» PROBLEM TO WORK ON
From the line that holds "GPU EVGA GeForce GTX 960 4GB SSC" to the last line below, retype everything exactly and nothing else; omit pictures.
++++++++
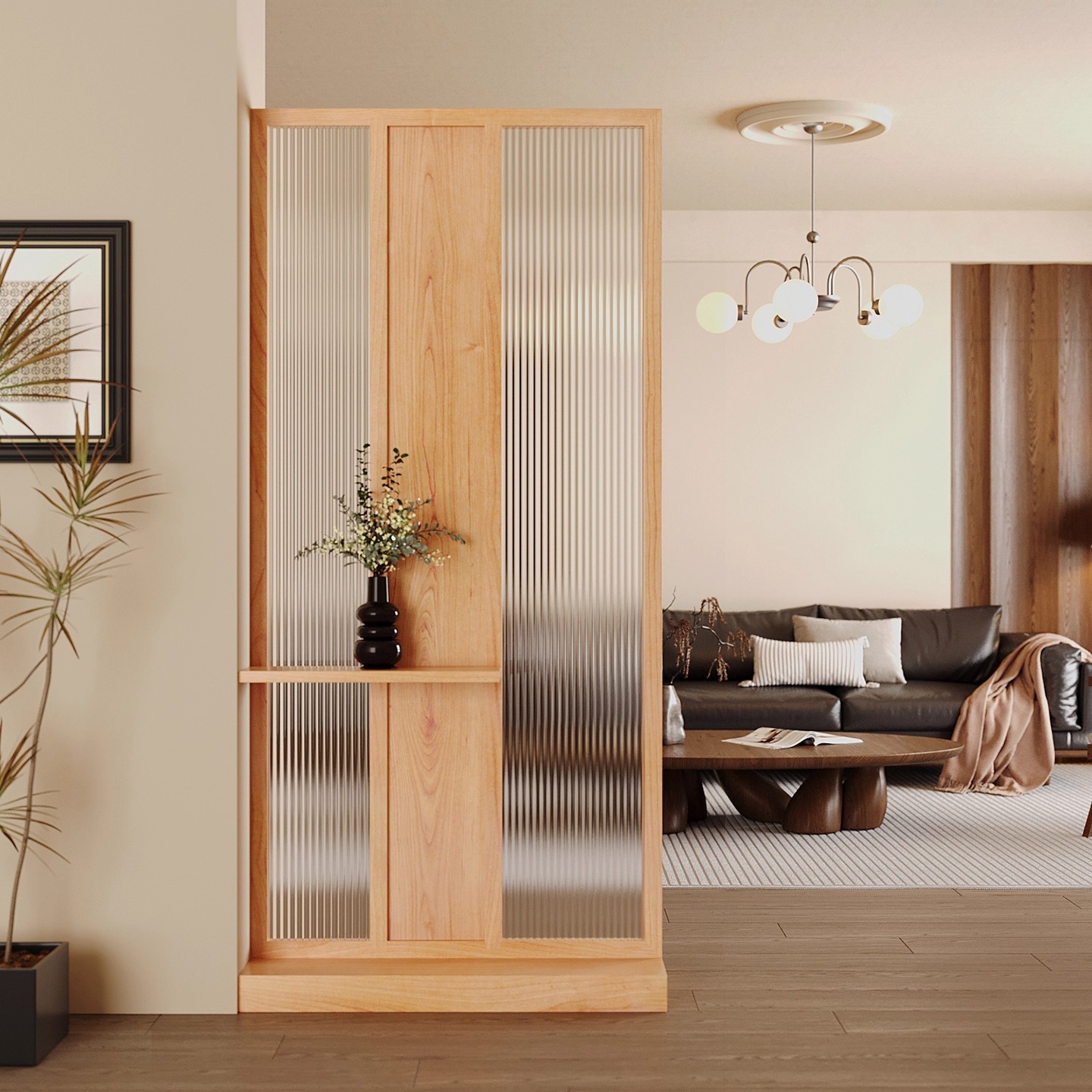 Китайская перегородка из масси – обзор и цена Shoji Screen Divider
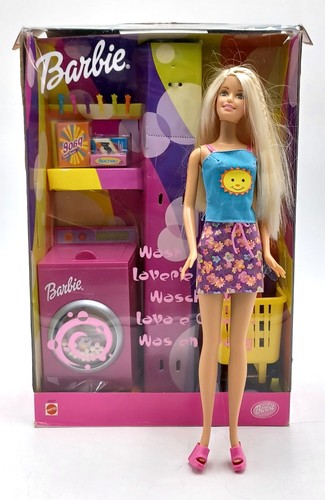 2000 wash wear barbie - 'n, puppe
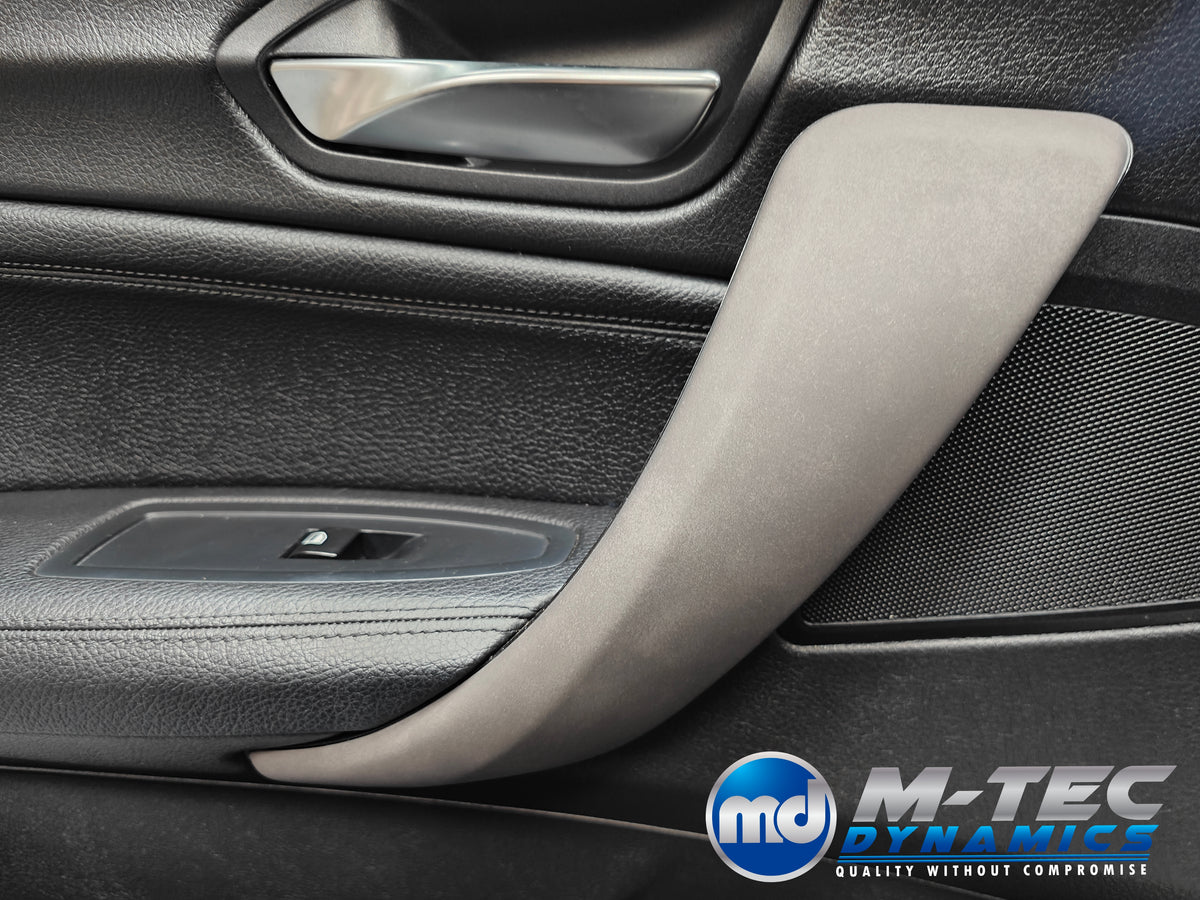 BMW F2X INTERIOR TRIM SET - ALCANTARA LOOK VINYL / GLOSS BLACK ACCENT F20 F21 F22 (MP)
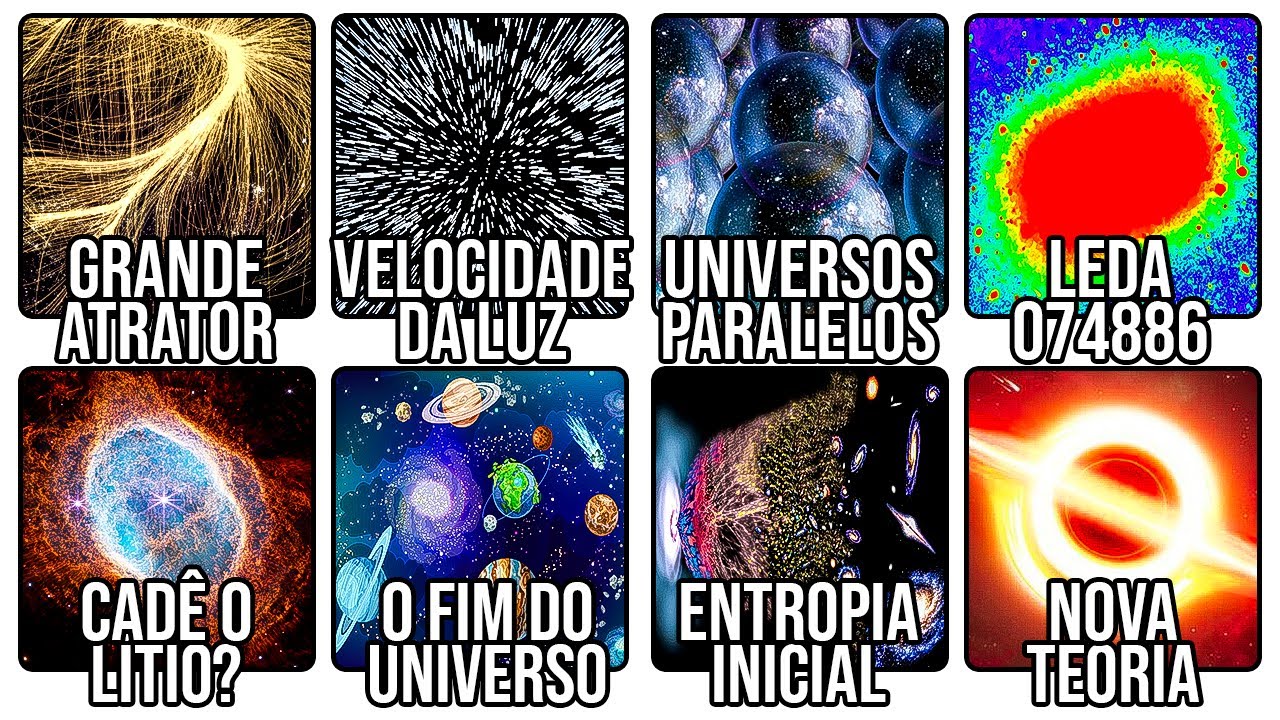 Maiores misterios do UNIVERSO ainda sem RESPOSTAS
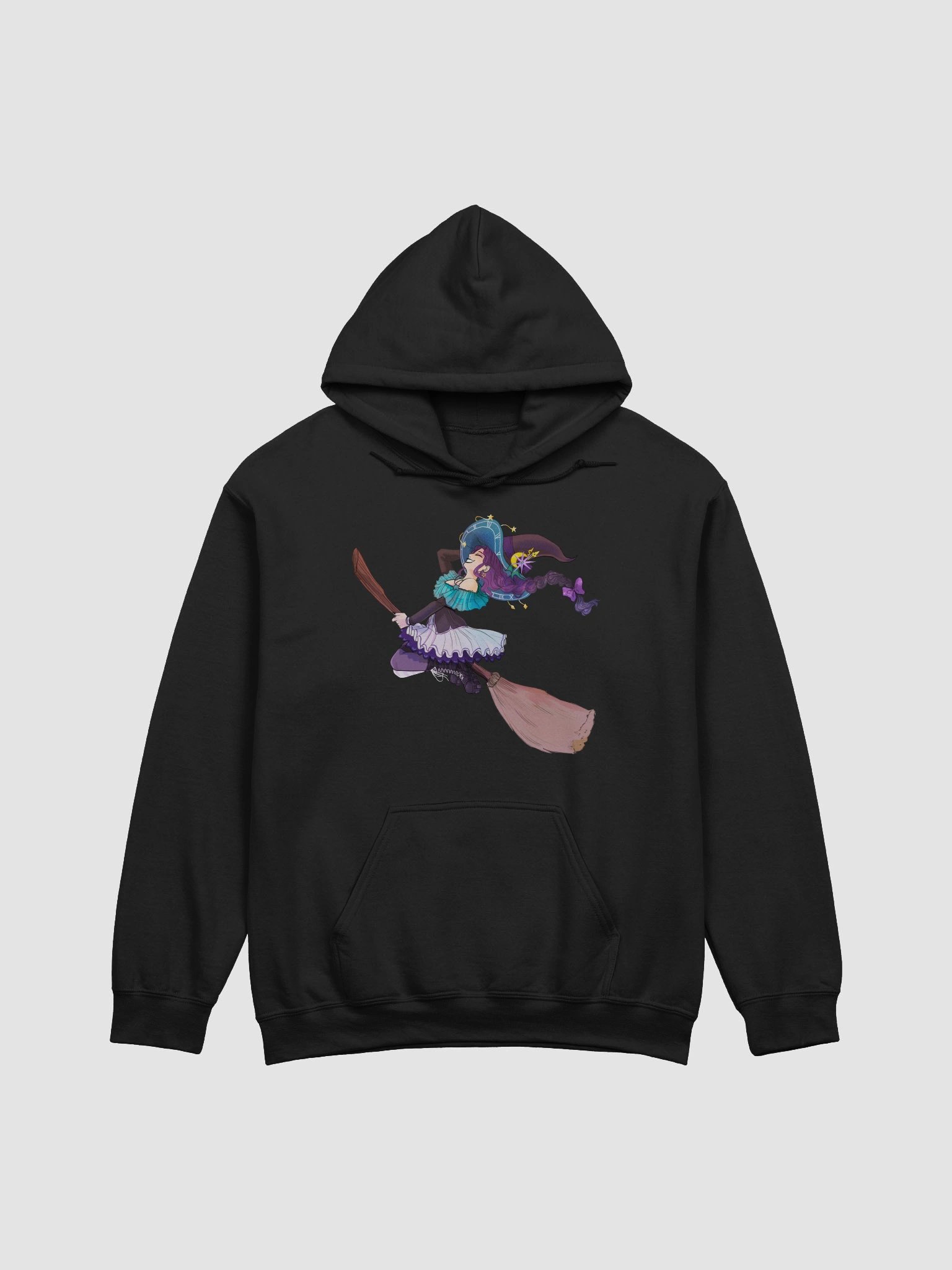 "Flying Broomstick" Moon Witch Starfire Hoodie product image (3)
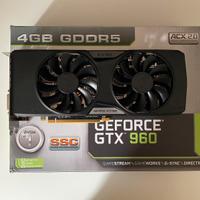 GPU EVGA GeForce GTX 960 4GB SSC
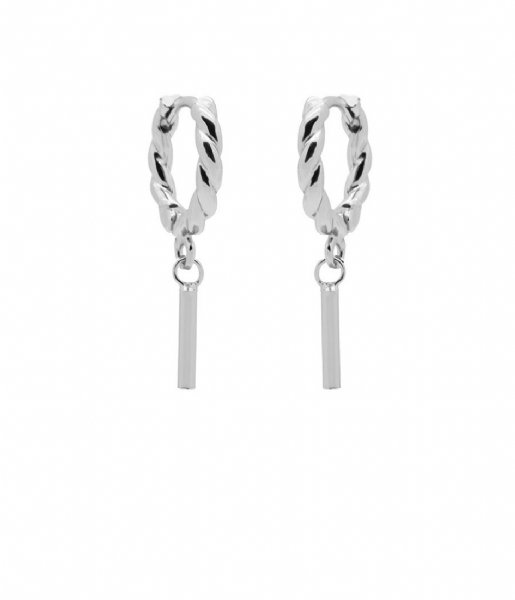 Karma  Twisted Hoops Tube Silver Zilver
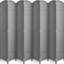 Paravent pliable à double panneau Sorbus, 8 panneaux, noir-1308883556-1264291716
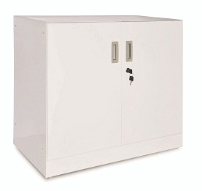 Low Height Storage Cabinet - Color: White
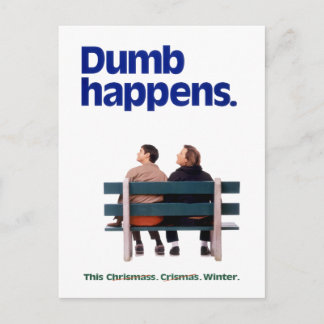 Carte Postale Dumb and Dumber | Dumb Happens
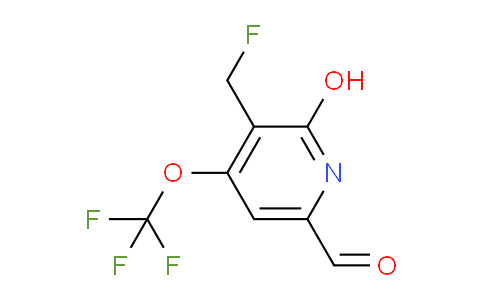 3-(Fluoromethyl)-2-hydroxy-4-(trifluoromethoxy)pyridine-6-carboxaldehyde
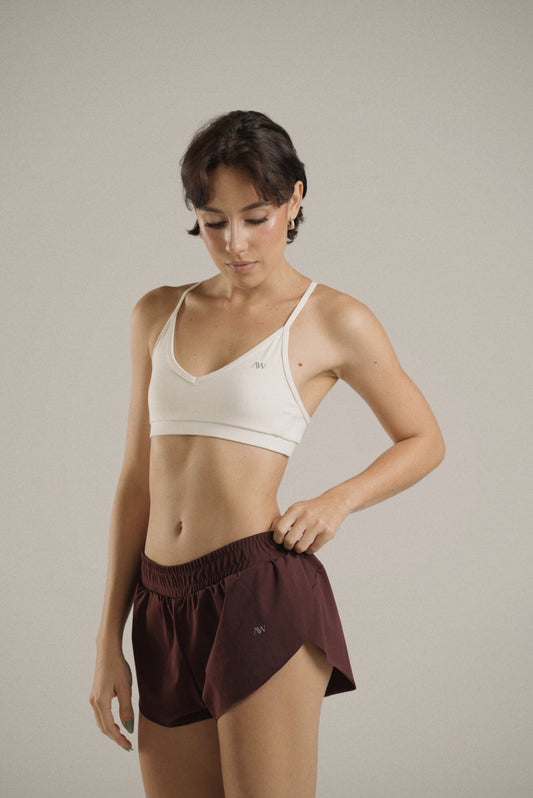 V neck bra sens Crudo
++++++++
» TASK OUTPUT
 GPU EVGA GeForce GTX 960 4GB SSC
 Karma  Twisted Hoops Tube Silver Zilver
 Paravent pliable à double panneau Sorbus, 8 panneaux, noir-1308883556-1264291716
 Low Height Storage Cabinet - Color: White
 Carte Postale Dumb and Dumber | Dumb Happens
 3-(Fluoromethyl)-2-hydroxy-4-(trifluoromethoxy)pyridine-6-carboxaldehyde
 V neck bra sens Crudo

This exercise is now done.